On October 27, a tragic and anti-Semitic act of violence was committed in Pittsburgh. A lone gunman opened fire in a synagogue, killing twelve innocent worshipers at the Tree of Life synagogue. The twenty-four hour news cycle was quick to point fingers at both Republicans and Democrats for the atrocity that had just occurred. Out of all of this shouting emerged one main narrative: Trump is cultivating anti-Semitism in the United States.

This is not the first time such accusations have been made towards Trump, but the backdrop of this brutal shooting coupled with his rhetoric over his first two years of presidency give them newfound severity. However, I do not find these accusations to be entirely correct. Trump is not the creator of anti-Semitism in America but rather promulgates this ideology which has always had a place in our society.

Throughout the 19th and 20th centuries up until World War II, and more specifically the Holocaust, anti-Semitism was almost as prevalent as racism towards people of color in the United States. It was not until the brutal reality of the Holocaust and the advent of William F. Buckley, a news host and conservative thinker who rebranded American conservatism by sweeping “less desirable” ideas under the rug, that anti-Semitism was pushed out of mainstream American ideology.

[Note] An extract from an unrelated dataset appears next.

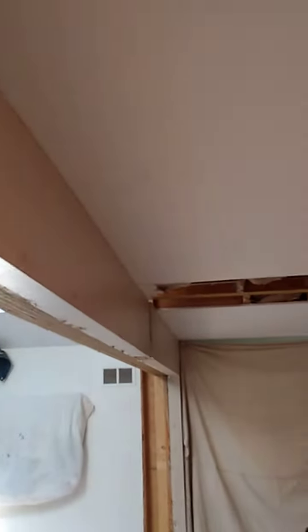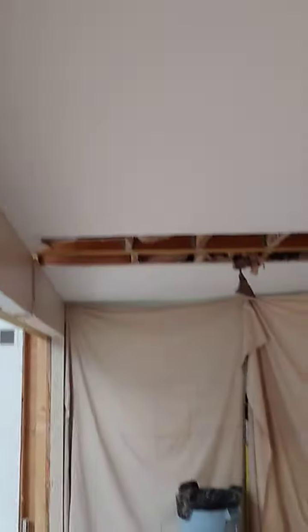The post is gone. Nothing broke. Everything went pretty well. All the guys worked well together. There's our 18-foot beam, and there's our hidden beam in the ceiling.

Whether you agree with Buckley or not, he was at least an intellectual; Trump, on the other hand, is not and propagates those ideas which were dampened—but not removed—from American culture. Within this group, anti-Semitism never disappeared, it was only hushed. Now that Trump has been elected, these ideas not only have a megaphone, but also a chance to become policy.

According to Professor Charles Gallagher, the first call to place Jews in concentration camps did not come from Hitler, but rather from an American proto-Fascist named William Dudley Pelley. In 1933, upon the election of Hitler as chancellor of Germany, Dudley founded his Paramilitary group the Silver Shirts. Throughout the 1930s, Dudley wrote in favor of establishing concentration camps in the Midwest in his private newspaper, reaching an audience of 15,000 individuals across the nation.

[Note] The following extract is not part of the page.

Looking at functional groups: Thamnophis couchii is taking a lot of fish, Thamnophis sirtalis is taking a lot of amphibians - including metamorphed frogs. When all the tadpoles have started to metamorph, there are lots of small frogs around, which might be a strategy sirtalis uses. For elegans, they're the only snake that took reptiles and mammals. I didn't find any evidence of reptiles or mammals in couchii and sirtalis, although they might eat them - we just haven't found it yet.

This relatively small operation, however, was nothing in comparison to Father Charles Coughlin’s national radio show, during which the Roman Catholic priest railed against the invasion of Jews and Communism into American life in the 1930s to an audience of over five million. Father Coughlin championed the idea of “Judeo-Bolshevism,” which took the violence of the Russian revolution and linked it to the global Jewish Community, thereby establishing the Jewish community as the scapegoat for the supposed violence and socialization of America under the New Deal.

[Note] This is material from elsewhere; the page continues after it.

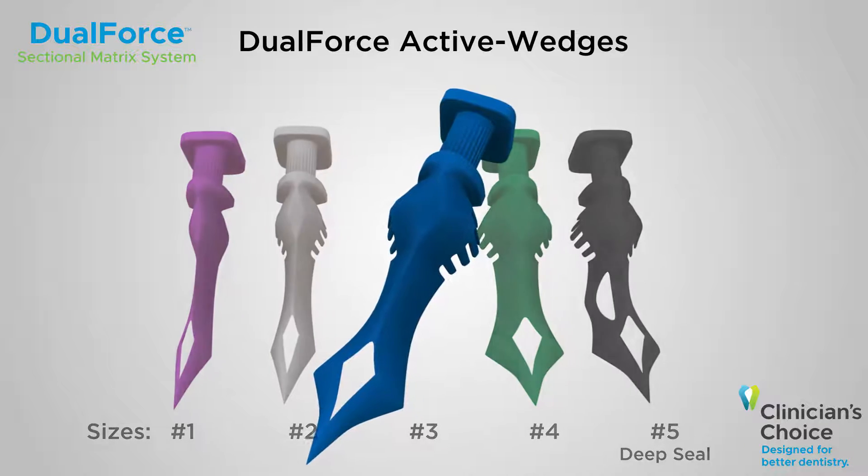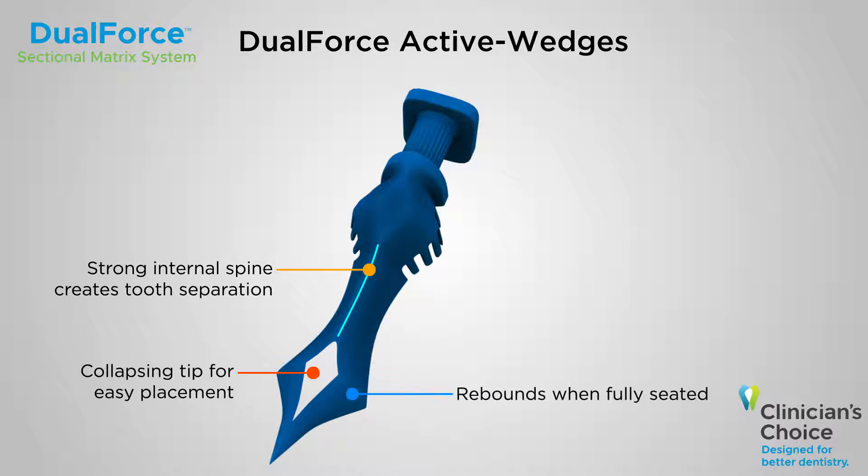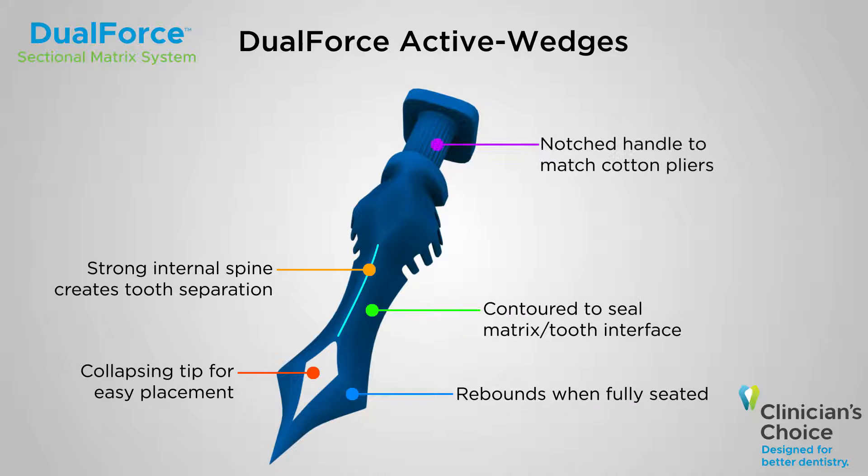Dual force active wedges are truly unique. A strong internal spine provides two pounds of separation force, a tip that collapses during insertion for easy placement and expands once seated, and an ideal contour that seals the matrix tooth interface.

Trump’s anti-Semitism did not suddenly appear out of a vacuum, nor do I believe he is truly anti-Semitic; rather, I believe that Trump is once again emulating the ideas that his constituents hold. That is to say, Trump will promise and say anything to a specific group of people in order to get them to vote for him. For example, Trump promised to keep social security for moderate Republicans, promised to bring jobs back for the blue-collar workers, and promised a return to family values for the Evangelicals. This is what allowed him to have such a diverse group of supporters in the 2016 election. Now with Trump’s anti-Semitic statements, he has become a mouthpiece for a significant portion of his base that already holds those views.

Coughlin was on the air not even eighty years ago, and while society has made progress, those views have been entrenched in American culture for decades and will not disappear overnight. By embodying another ideal of his base to secure popularity, Trump is pushing this country towards a future in which racists and anti-Semites feel emboldened and are emerging out from under the rug to rejoin mainstream culture.